De meilleurs lendemains

Des femmes fortes et unies

Souvent victimes de violences et privées de droits, les Tchadiennes n’ont ni formation ni argent bien qu’elles travaillent plus dur que les hommes. Mais là où il y a des problèmes, il y a aussi des solutions.

En bref

Pays, région:
Tchad, Logone Occidental, Logone Oriental et Tandjilé
Durée:
Août 2017 - septembre 2019
Bénéficiaires:
2923 femmes, hommes et enfants
Budget total du projet:
143'315 CHF

But

Le projet vise à renforcer les femmes de la région en leur donnant plus de poids au sein des structures familiales. Il vise également à augmenter le revenu des femmes par la diversification des activités et à les impliquer dans le suivi des activités. Enfin, les femmes bénéficiaires reçoivent des formations d’alphabétisation pour un changement profonds dans la société.
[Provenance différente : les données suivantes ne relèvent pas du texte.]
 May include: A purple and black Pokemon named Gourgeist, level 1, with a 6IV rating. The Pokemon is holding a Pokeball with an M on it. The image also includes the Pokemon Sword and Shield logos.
«Voici notre article le plus vendu», raconte Pauline Nguineberba, une potière, en montrant une série de jolies amphores posées sous un manguier, comme dans de nombreux ménages du sud du Tchad. De cette façon, l’eau reste quelque peu fraîche quand le thermomètre affiche 43 degrés à l’ombre. De nombreuses femmes du village vendent la marchandise au marché pour en tirer un revenu supplémentaire. C’est un dur labeur, car dans cette partie du pays, quelques kilomètres représentent souvent une distance infranchissable. Il y a en effet plus de nids de poule que d’asphalte sur la route qui mène au marché: «Le chauffeur du camion se borne à hausser les épaules s’il ne reste plus que des débris quand il arrive à destination», glisse Pauline Nguineberba. Mais c’est du passé. Grâce à un attelage de bœufs et à une charrette que les femmes ont pu acheter avec l’appui de SWISSAID, la marchandise arrive lentement mais sûrement à destination.

Sur la route, il y a souvent plus de trous que d’asphalte. Les bœufs peuvent être manœuvrés plus facilement qu’un camion permettant ainsi à la marchandise d’arriver presque toujours en une seule pièce.
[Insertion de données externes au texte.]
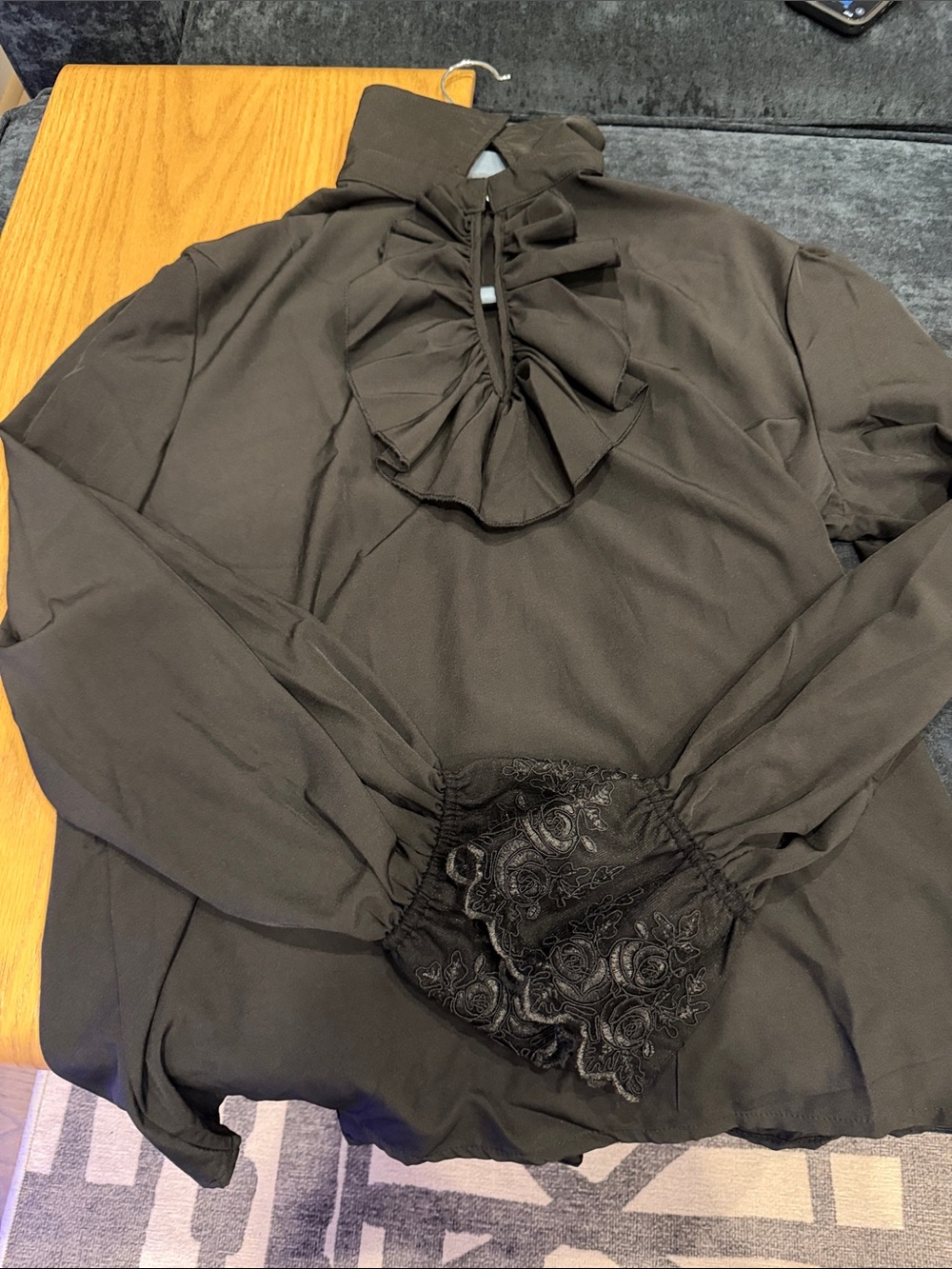 Women's Black Ruffle V-Neck Blouse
L’alphabétisation, clé du succès

Au Tchad, les femmes n’ont pas la vie facile. Ce sont les hommes qui commandent tout. Souvent victimes de violences, elles sont mariées de force et excisées. A la campagne, seule une petite minorité sait lire, écrire et compter; le taux d’analphabétisme atteint presque 90% et l’espérance de vie seulement 50 ans. Pourtant, quand il s’agit de subvenir aux besoins de la famille, ce sont elles qui assurent l’essentiel du travail.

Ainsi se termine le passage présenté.